In einem Teil der juristischen Kommentatoren hält sich hartnäckig die irritierende Ansicht , Kavanaugh gehöre zum weniger reaktionären Block der konservativen Mehrheit, zusammen mit dem von ihm vergötterten Obersten Richter John Roberts und Richterin Amy Coney Barrett. Doch in den letzten Monaten hat Kavanaugh immer wieder Andeutungen gemacht , er neige nach rechts und stehe ideologisch nun den Richtern Clarence Thomas und Sam Alito näher als allen anderen.
Alles an dieser Meinung – ihr unverdientes Selbstvertrauen, ihre leichtgläubige Darstellung, ihre stiefelleckende Unterwürfigkeit gegenüber Autoritäten – deutet darauf hin, dass dieser Prozess noch schneller voranschreitet, als ich dachte. An einer Stelle stellt er Präsidenten gegenüber, die die „strenge“ Durchsetzung des Einwanderungsgesetzes priorisieren, und Präsidenten, die einen eher „Laisser-faire-Ansatz“ verfolgen. Das liest sich wie die Denkweise eines Mannes, der viele Fox-News-Beiträge über „Demokraten mit offenen Grenzen“ konsumiert hat.

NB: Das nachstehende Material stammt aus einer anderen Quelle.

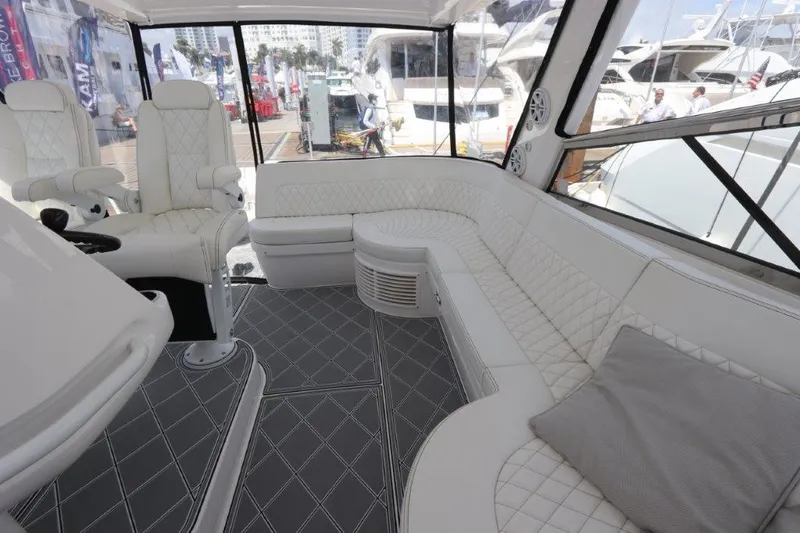 Slide: The Image of Luxurious interior of 2019 Intrepid 475 Sport Yacht with white seating and modern design. - 33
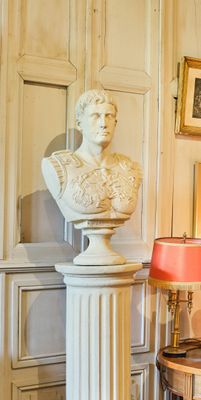 un buste d'homme assis sur un socle dans un coin de la pièce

In den letzten Jahren, als das Gericht seine Schattenakte nutzte, um das Gesetz nach konservativem Ermessen umzuschreiben, habe ich (und viele andere) die Richter oft dafür kritisiert, dass sie sich nicht die Mühe machten, ihre Arbeit offenzulegen. Kavanaughs Entscheidung, diesmal ein Gutachten zu verfassen, veranschaulicht die Vorteile ihres Ansatzes: Wenn man nicht in der Lage ist, sich schlüssig zu erklären, ist es vielleicht klüger, gar nicht erst zu schreiben.